Helen Southworth’s Fresca: A Life in the Making. A Biographer’s Quest for a Forgotten Bloomsbury Polymath was published by Sussex Academic Press in 2017.  

Fresca is detective story, cultural history and love story. It tells a tale of unconventionality, multifarious creativity, and a quest for new ways of living and loving amidst the complexities of Interwar Britain. For Francesca Allinson life and making art were synonymous, though both were cut short. Her story captures the topsy-turvy quality of a life singularly led; it shows how biography too gets turned upside down in the making – how the story of a single individual can throw the literary and social perspective of the period into relief.

Southworth’s initial goal was to discover how Allinson’s fictional autobiography, A Childhood, made it onto Leonard and Virginia Woolf’s The Hogarth Press list in 1937. The result was to be immediately drawn in to the company of prominent artistic figures of the period. Writer, musicologist, puppeteer and pacifist, British-German Jewish Allinson (1902–1945) published with the Woolfs, dueled with Ralph Vaughan Williams over the origins of folk song and was psychoanalyzed by Adrian Stephen, younger brother of Virginia. Her connections register the cultural ferment of the Interwar years: a rich collaboration and unconsummated romance with homosexual composer Michael Tippett; an affair with Arts League of Service founder Judy Wogan; a friendship with designer Enid Marx; and an infatuation with poet Den Newton, 18 years her junior. Her life of promise, tragically cut short by suicide by drowning in 1945, is an eerie echo of Virginia Woolf’s suicide.

Allinson’s story spans the Twentieth Century, closing with Tippett weeping on stage at the Wigmore Hall during a 1992 performance of “The Heart’s Assurance,” the song cycle he dedicated to Francesca’s memory forty years earlier. In parallel, Allinson’s own A Childhood makes a second journey: a gift for a young woman living in recently liberated Belgium in 1942, the book comes alive again when she transforms it into an artist’s book. 

 

Please see the following excerpts from reviews of Southworth’s Fresca: A Life in the Making:

Arnold Whittall, The Musical Times Spring 2018

“extremely well-researched”

“a convincing portrait of [Michael Tippett] and some of the musical outcomes of his relationship with Allinson”

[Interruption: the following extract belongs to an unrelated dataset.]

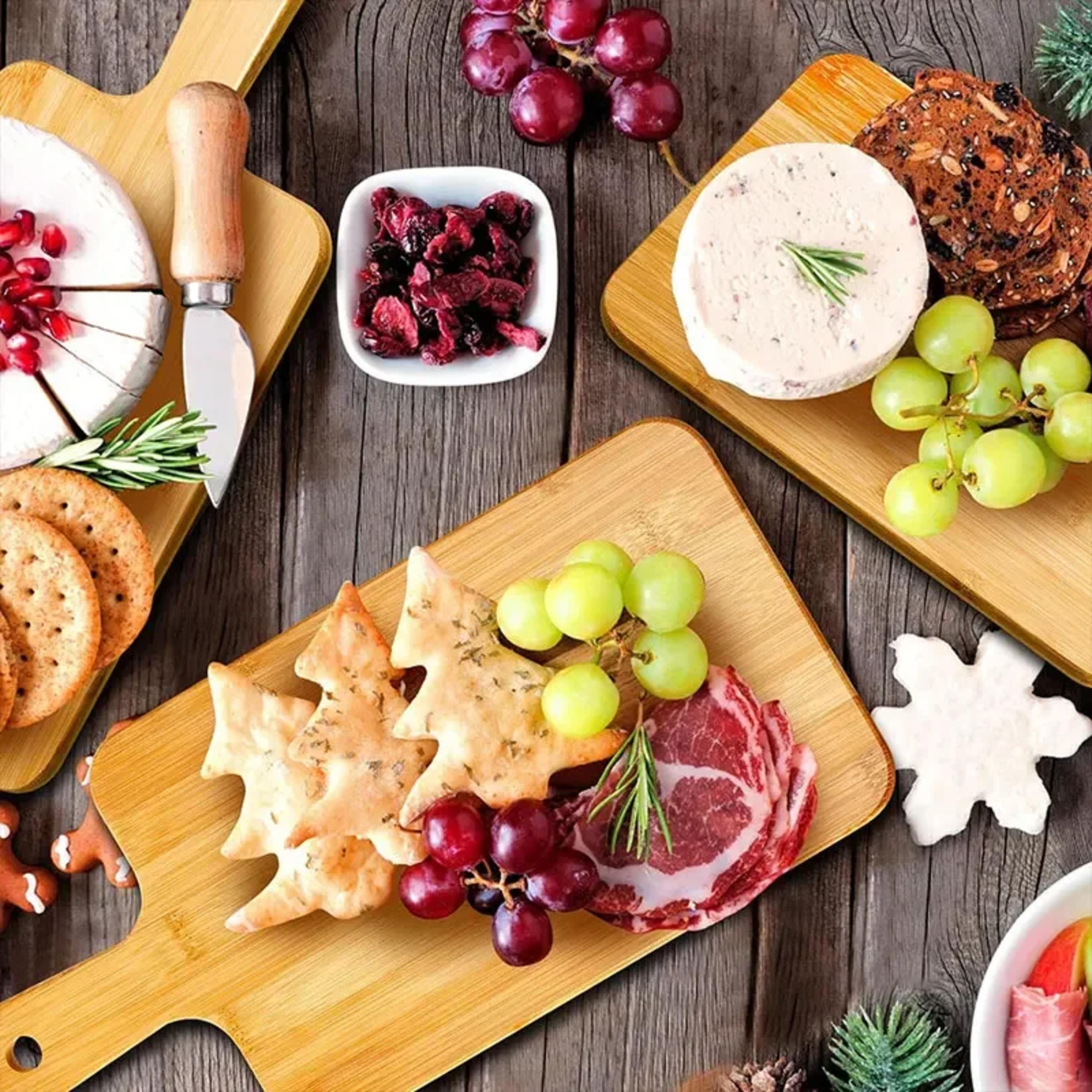 large bamboo cutting board with handle, wooden kitchen chopping board for pizza, vegetables, meat, durable serving board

“The book culminates in an extended and moving account of The heart’s assurance, the composer’s memorial to his troubled friend, and of the Wigmore Hall concert marking Tippett’s 90th birthday in 1995--documentary writing at its best [...]”

“Focusing primarily on Allinson herself, Southworth’s narrative vividly evokes the trials and tribulations of middle-class life in interwar Britain; how young people with artistic tendencies and internationalist sympathies negotiated their way around the many ingrained conventions of class and culture that were shaken but not destroyed by the First World War”  “[An] absorbingly sad chronicle of a life that never managed to root itself securely.”

 

Kathryn Laing, Woolf Studies Annual 2018

A “virtuoso and occasionally vertiginous exposé of the practices and processes of an archival researcher and biographer who works, in the footsteps of Woolf herself, on the lives of the obscure [...] For researchers interested in literary, artistic, musical, pacifist, and other networks of the interwar years, this ‘biographer’s quest’ is a cornucopia [...] a richly rewarding [reading experience], full of surprises and illuminations.”